(Captioned web image data)
• • • • •
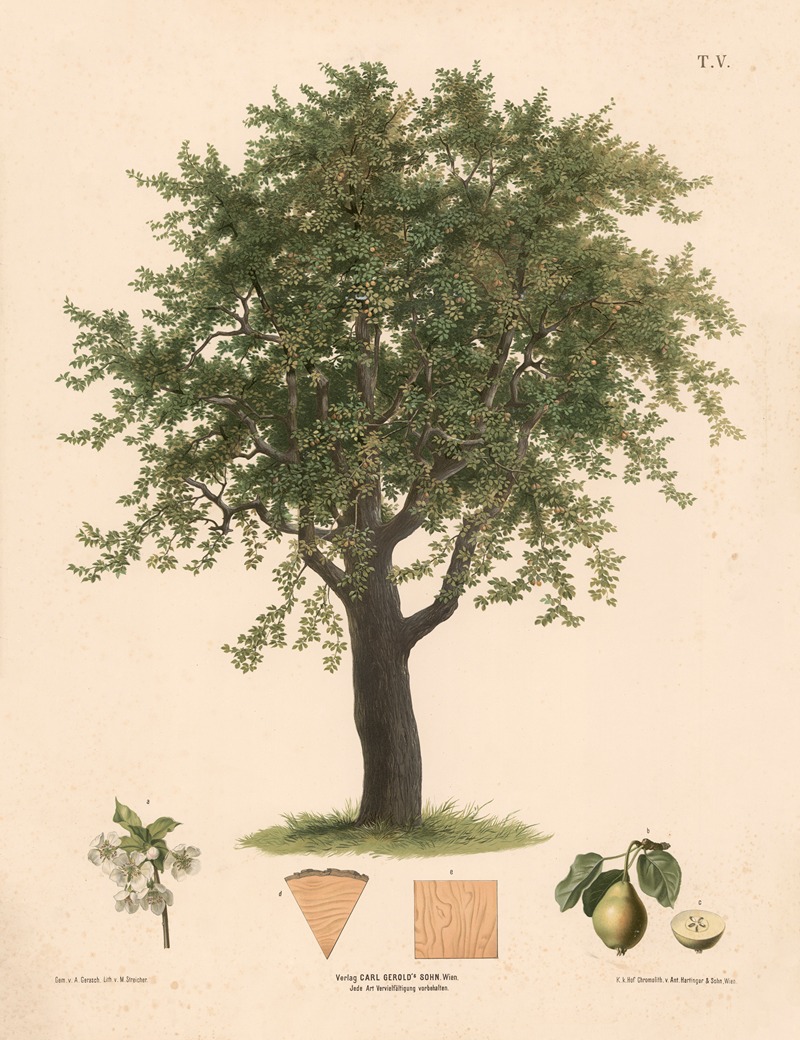 Pæretræ by Август Гераш, 1889 — digital art print download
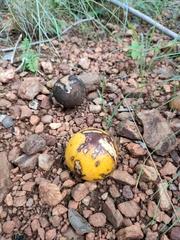 Strychnos madagascariensis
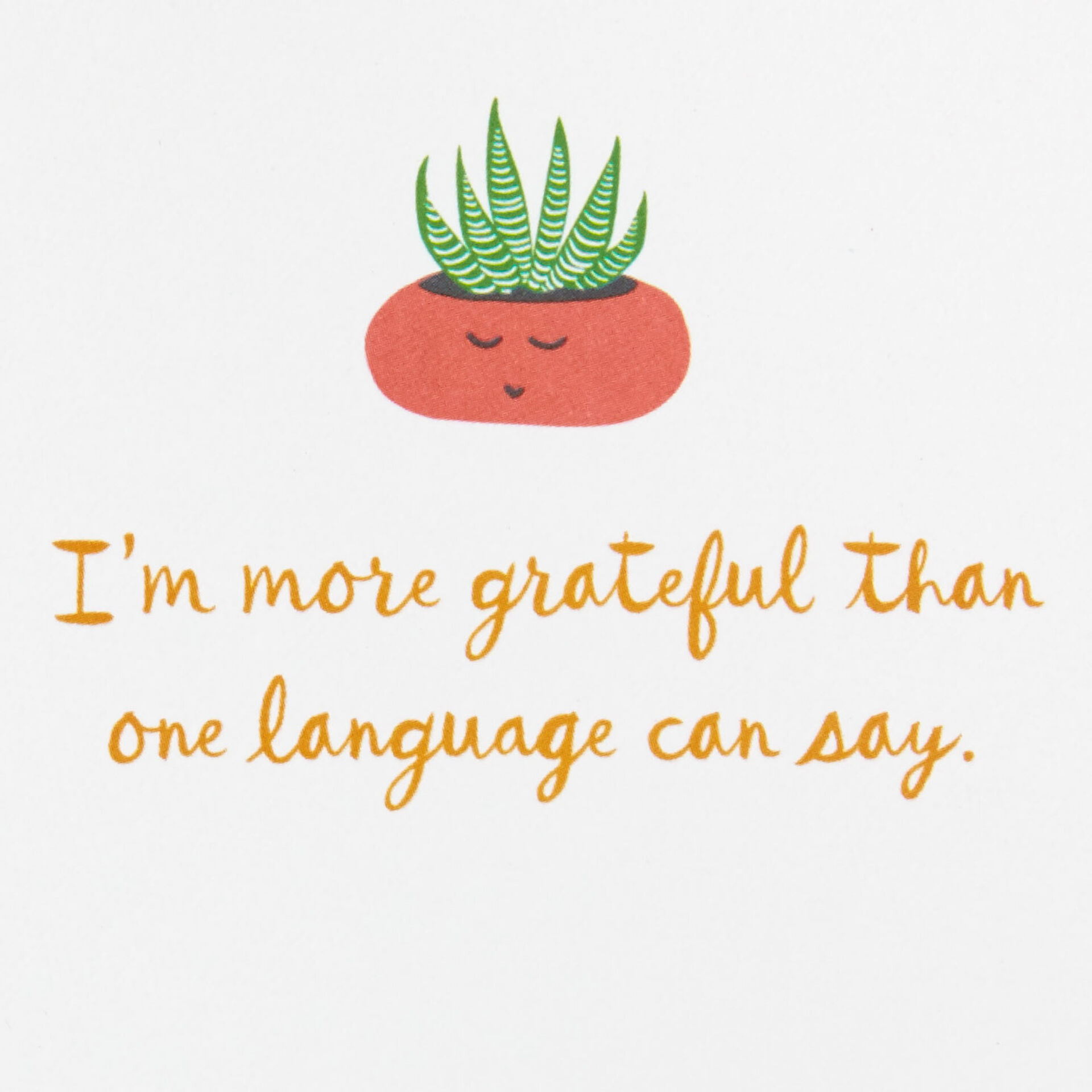 Merci-Thanks-Gracias-ThankYou-Card_499T2120_02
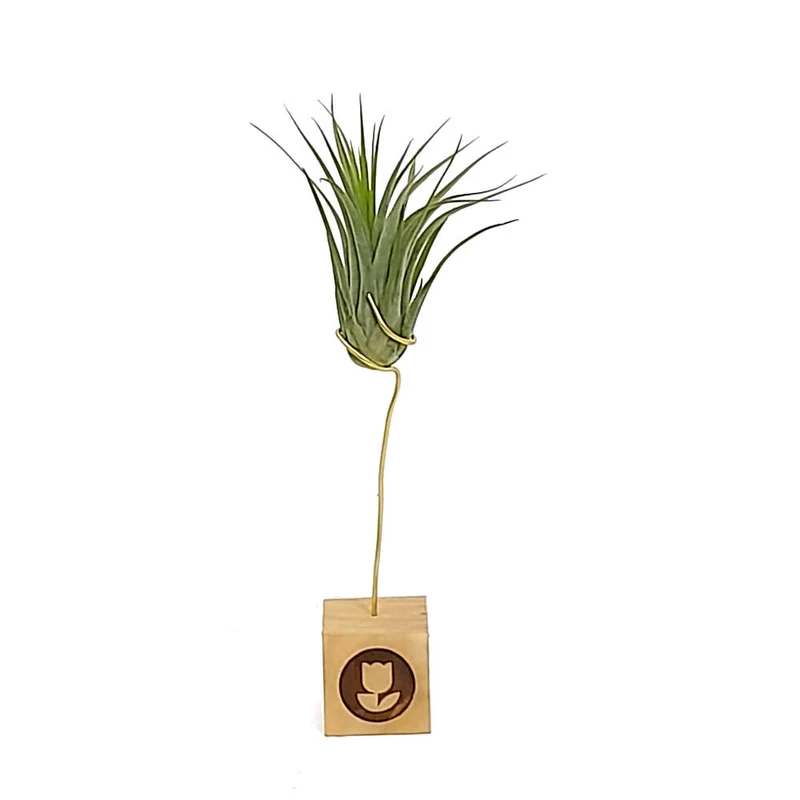 Tillandsia Ionantha V.ionantha 6cm Alto X 10cm Ancho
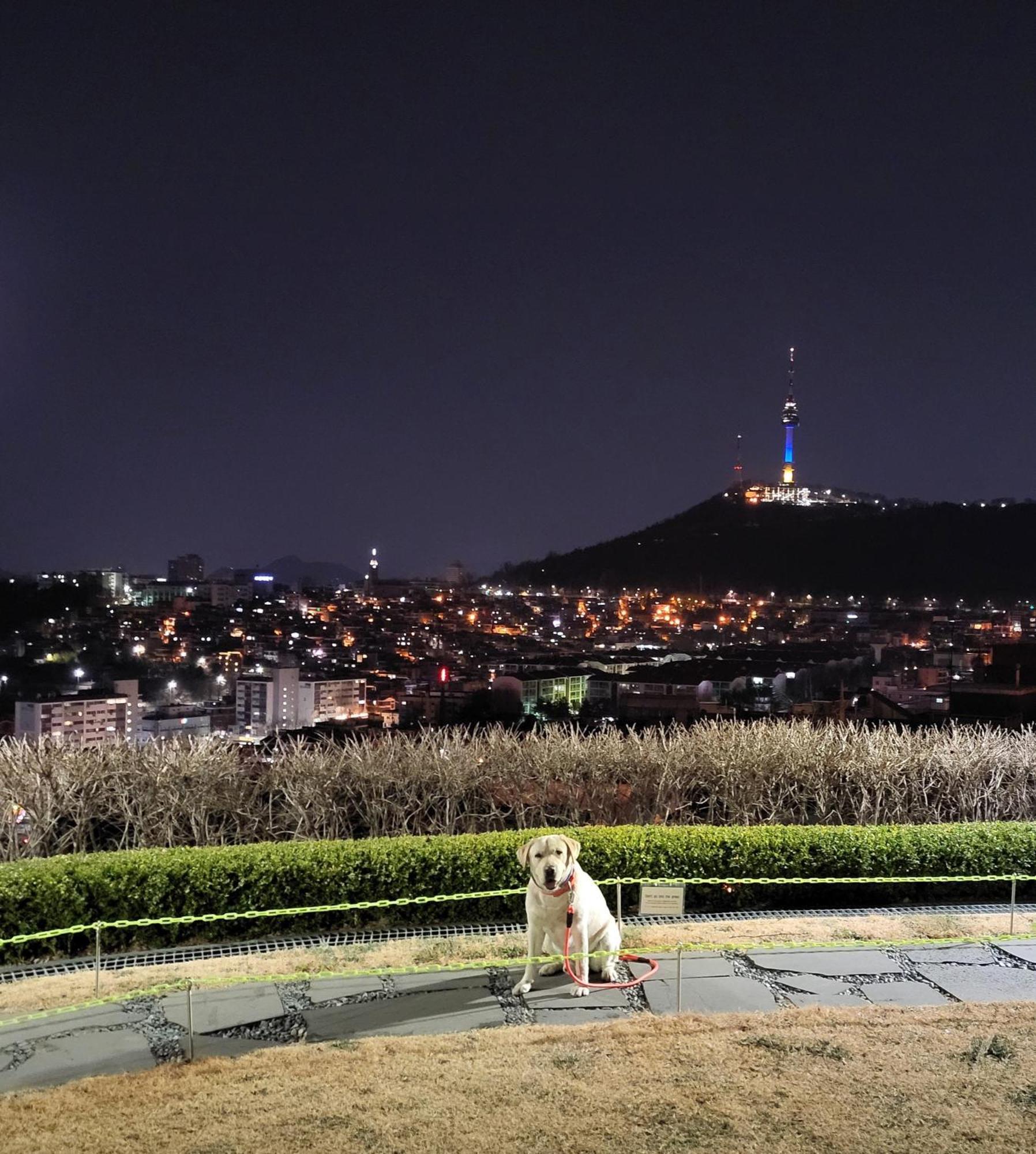 Brand New 2 Bedroom Apartment #6 Seoul Exterior foto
• • • • •
A picture-free version of all the records, repeated exactly, is what to return.

 Pæretræ by Август Гераш, 1889 — digital art print download
 Strychnos madagascariensis
 Merci-Thanks-Gracias-ThankYou-Card_499T2120_02
 Tillandsia Ionantha V.ionantha 6cm Alto X 10cm Ancho
 Brand New 2 Bedroom Apartment #6 Seoul Exterior foto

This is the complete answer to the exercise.